Stephen Whalby loves to walk the moor. It is a dark and forbidding place, but it is his.

When the body of a young blonde woman is found there, her face horrifically disfigured, the victim of a merciless murderer, his beloved moor is tainted with suspicion and terror.

Then a second woman goes missing on the moor and Stephen watches as the search party make their way across the treacherous murder scene. Not to be usurped by a killer or a victim; he, and only he, is the master of the moor.

About the author

Ruth Rendell

Ruth Rendell was an exceptional crime writer, and will be remembered as a legend in her own lifetime. Her groundbreaking debut novel, From Doon With Death, was first published in 1964 and introduced the reader to her enduring and popular detective, Inspector Reginald Wexford, who went on to feature in twenty-four of her subsequent novels.

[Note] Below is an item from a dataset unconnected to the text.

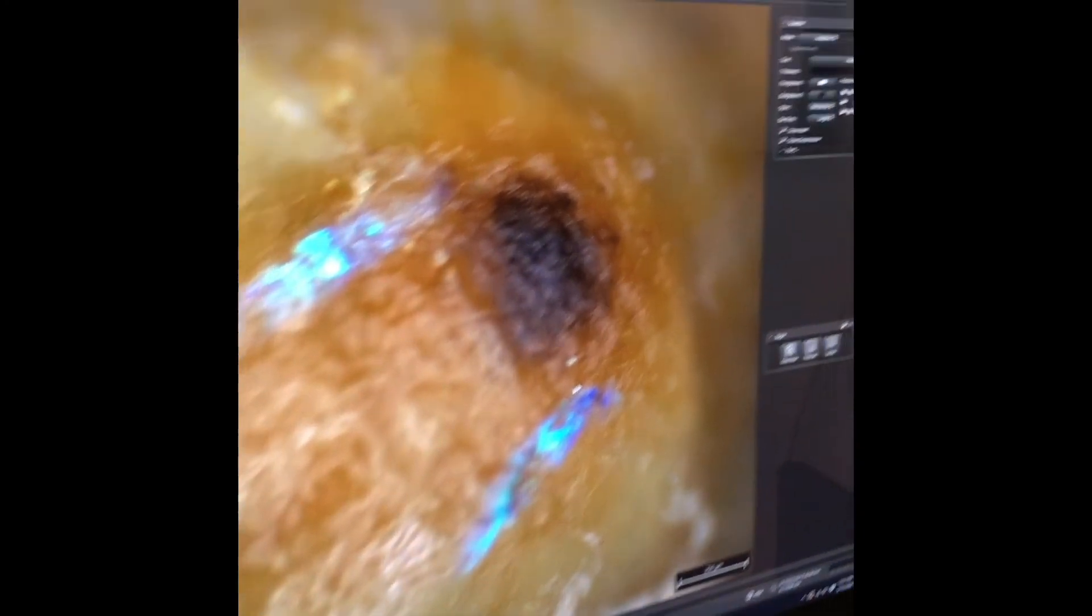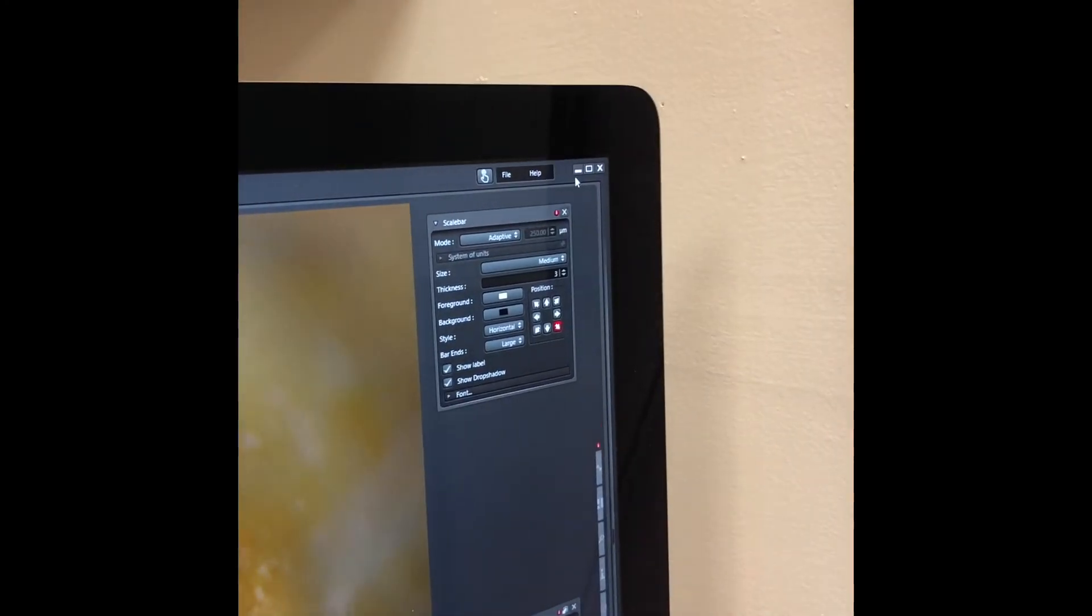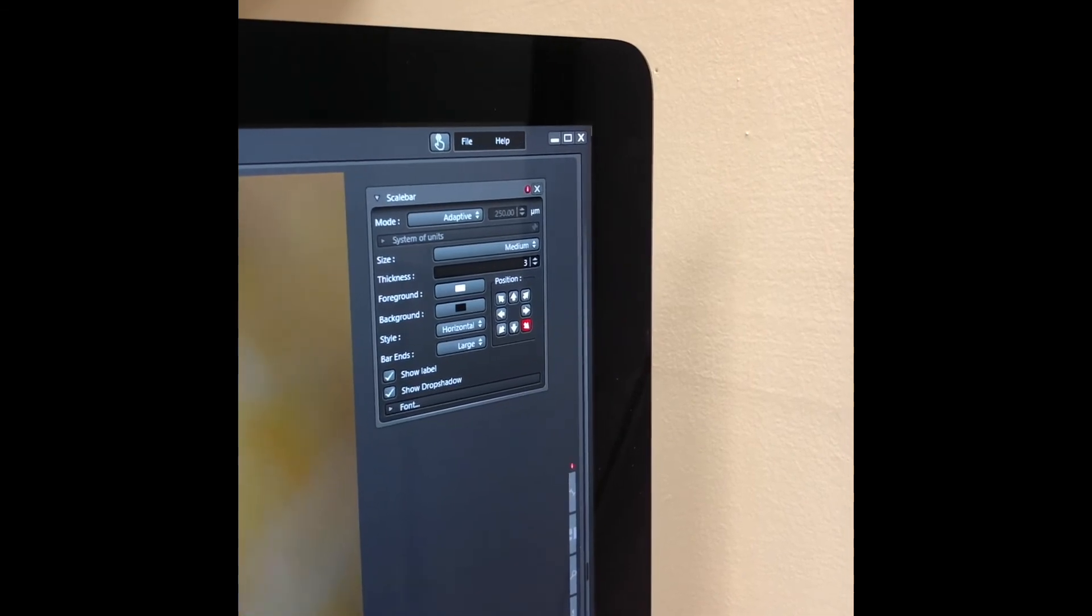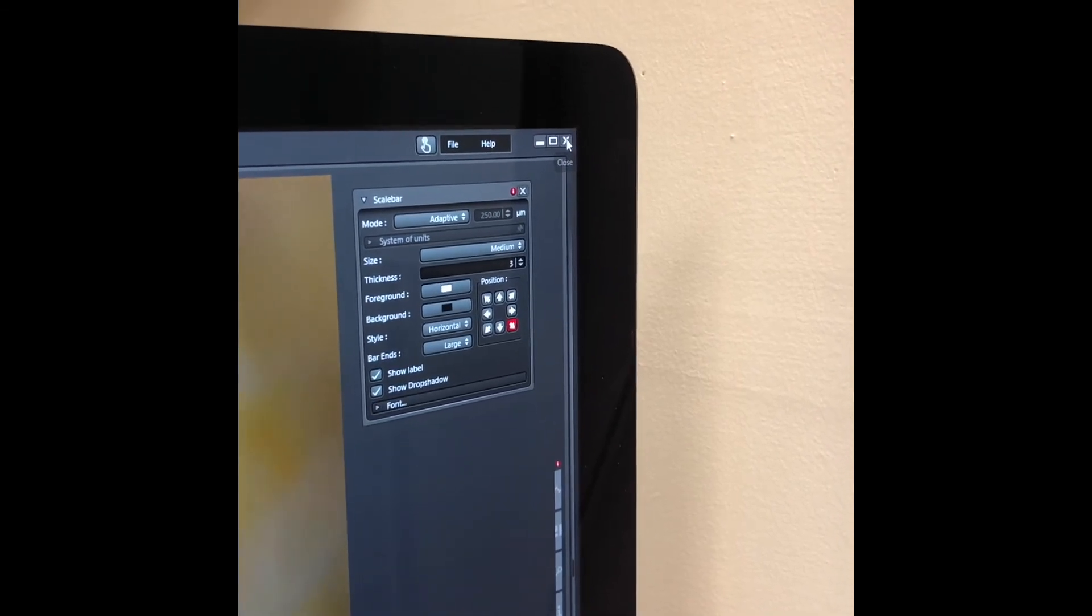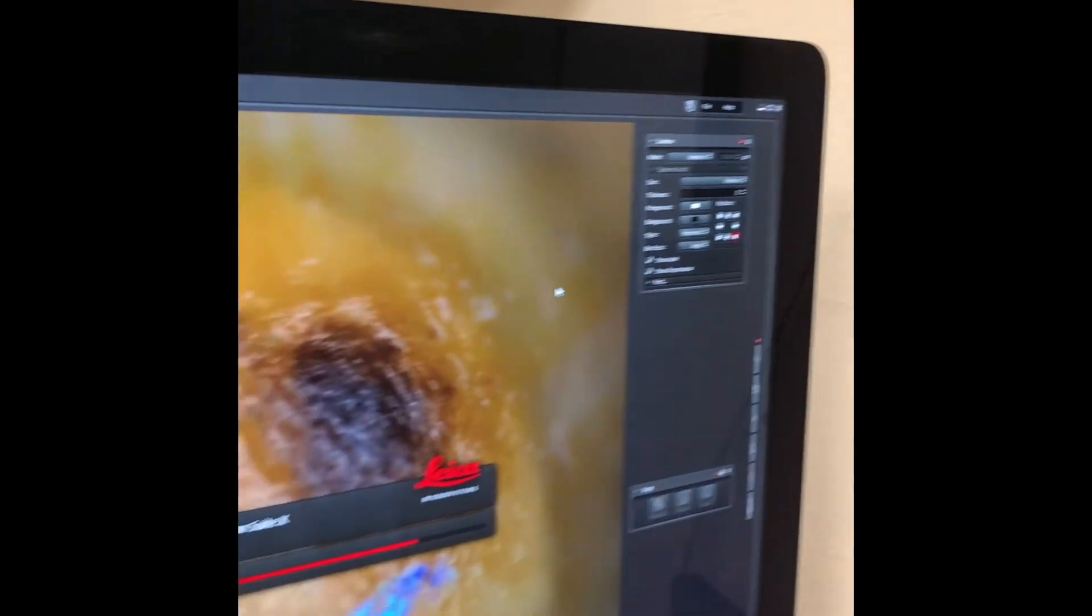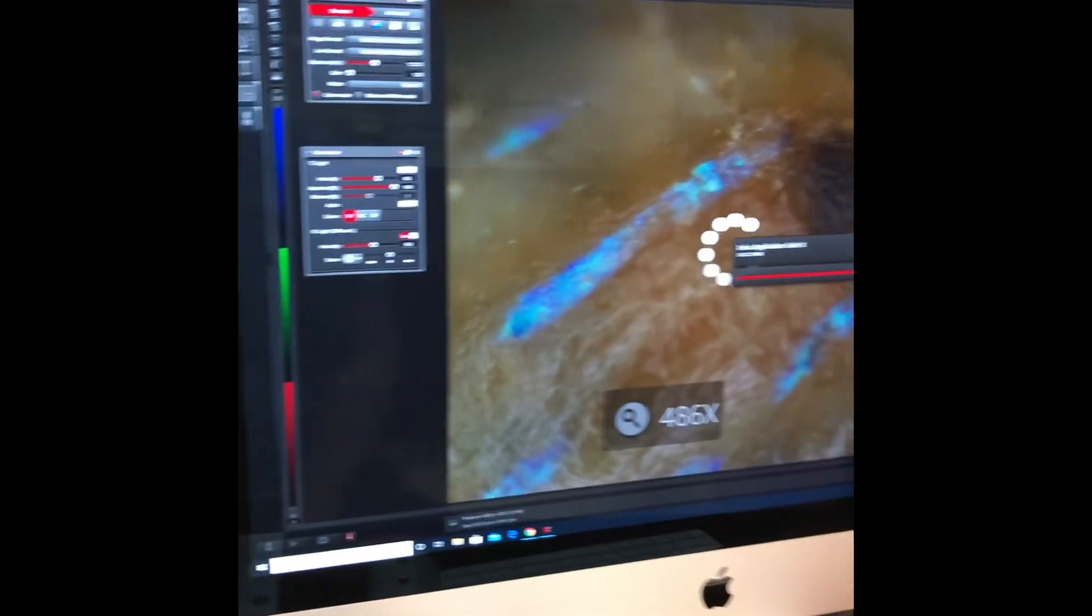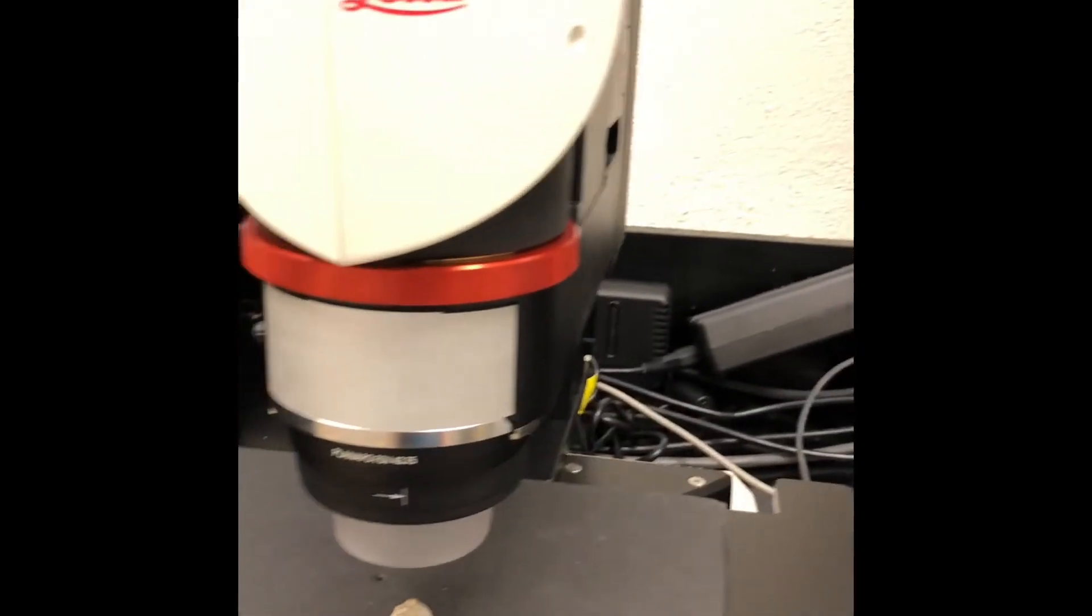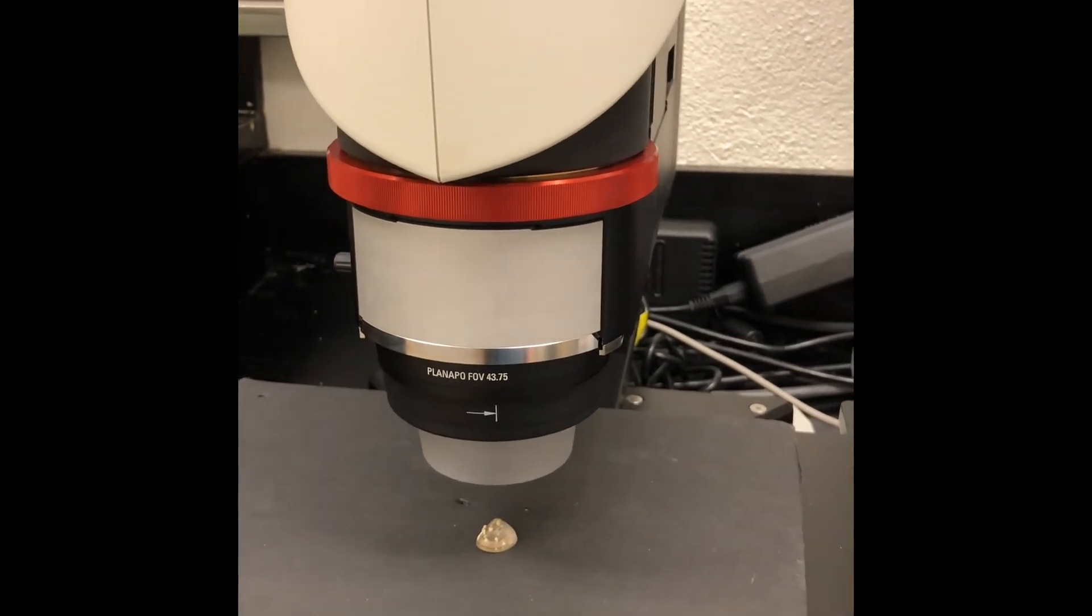Once you're done imaging, all you have to do to shut down the system is to close the software. And by turning off the software, you'll also turn off the light.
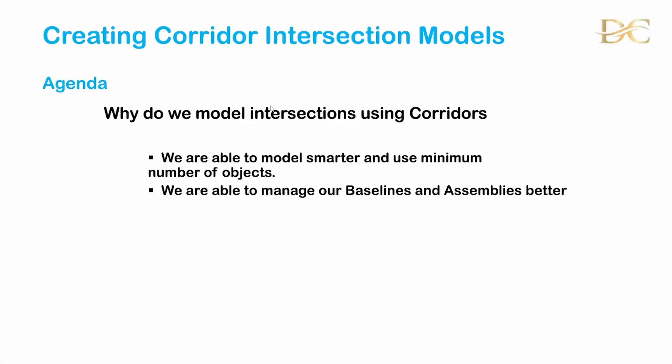Welcome to today's session which is about the creation of corridor intersection models. One would want to ask as to why do we model our intersections using corridors.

With worldwide sales of approximately 20 million copies, Rendell was a regular Sunday Times bestseller. Her sixty bestselling novels include police procedurals, some of which have been successfully adapted for TV, stand-alone psychological mysteries, and a third strand of crime novels under the pseudonym Barbara Vine. Very much abreast of her times, the Wexford books in particular often engaged with social or political issues close to her heart.

Rendell won numerous awards, including the Crime Writers’ Association Gold Dagger for 1976’s best crime novel with A Demon in My View, a Gold Dagger award for Live Flesh in 1986, and the Sunday Times Literary Award in 1990. In 2013 she was awarded the Crime Writers’ Association Cartier Diamond Dagger for sustained excellence in crime writing. In 1996 she was awarded the CBE and in 1997 became a Life Peer.

Ruth Rendell died in May 2015. Her final novel, Dark Corners, was published in October 2015.